Managing Client Expectations: When to Say No

Photo. Blank planner for managing client expectations.

Do you never tell your clients “no”? Do you say “yes” to every request? While pleasing the client is always a goal, it’s not the only goal. In fact, accepting every request isn’t in your or their best interest. There is unfortunately no “one size fits all” design to solve every business need. Client management is tricky business. Therefore managing client expectations is a crucial task of growing the designer-client relationship.

However, tailoring the message and design to a particular client might reveal a poor fit. That’s not a bad thing! Bad fits don’t always result in terminated relationships. Managing client expectations and leading with open communication strengthens the designer-client relationship and boosts the confidence in each other.

Surprisingly, navigating a “no” successfully can even bolster the designer-client relationship by demonstrating a deep understanding of the client’s pain points and how your particular strengths can alleviate them. Client expectations might be too high or too low. Nevertheless, the design expert’s job is to lead the client through a process that works and delivers the best product possible.

On the other hand, always saying “yes” can hurt the designer-client relationship too. The practice might result in alienating the client from their own brand, poor quality work, rushed or short-term fixes, and frustration from both sides. As a result, refusing to manage client expectations ends relationships.

Therefore, one important task of managing client expectations is navigating the “yes” and “no” situations.

Setting Client Expectations Too High: Always Saying Yes Can Strip Away Client Autonomy

Saying “no” can empower clients and give them autonomy over their own material and brand. Sometimes saying “no” to a request can actually empower clients.

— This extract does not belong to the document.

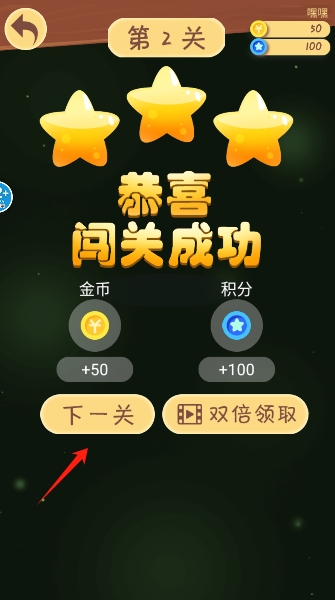 我爱贪食蛇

Small edits and maintenance requests may not require a design expert. This allows the client to learn how to take charge of their creative material. Copywriting, photography, web page edits, and other tasks can be easy to learn how to do, change, and manage. Updates can be faster and produce what the client expects.

Additionally, empowering the client in this way allows you to act on priority projects as well. Furthermore, allowing clients to perform a few routine tasks also acquaints them with their clientele. They’ll start to develop hard skills from managing the product. They’ll also develop intuition based on the user patterns they observe.

Finally, empowering the client allows the client to be more involved in their own brand development rather than “outsourcing” it all away. Coach clients on how to maintain and manage their basic material and remind them you’re available to help with the challenges they encounter.

Setting Client Expectations Too Low: Always Saying Yes Can Negate Your Expertise

Similar to how always saying “yes” can strip away client autonomy, always saying “yes” might also strip away your autonomy to execute creative decisions.

Agreeing to every client request and edit can even negative your creative expertise. Most clients don’t have the same education, years of experience, familiarity with tools of the trade or the industry that enable you to create unique, specialized designs.

Of course, listen to your clients to understand and appreciate their wants and needs. However, a client might have a limited understanding of the problem.

For example, a client might request a trendy design. They like it because it looks cool, but you know it won’t look original and can quickly date their brand. Another common situation is when a client requests a design that resonates with them personally, but the same design might resonate with the target audience and users less so.

Basically, listen to clients explain their business problems and then steer them towards the best creative solutions. Like any management role, client management also entails monitoring the performances of the project and its contributors. If performance is less than expected, either adjust expectations or take control with better fitting solutions. Allow your expertise to show in a way that best benefits the client.

Not Managing Client Expectations at All: Always Saying Yes Can Force a Bad Fit

Sometimes a client request might result in a project beyond the ideal.

A large and consuming project might demand creative services beyond your business focus. Accepting a project like this can create problems later. Common problems may emerge that have easy solutions, but only easy to people already well-experienced in a particular service. Resources might be constrained, or the project encounters frequent delays.

Another situation is a client project that demands skills beyond your core capabilities. A frequent example is when clients request the designer to supply copywriting for the projects the designer creates, even though copywriting and design are very different skill sets. The end result can be low-quality, which frustrates the client and creates a negative experience with your brand.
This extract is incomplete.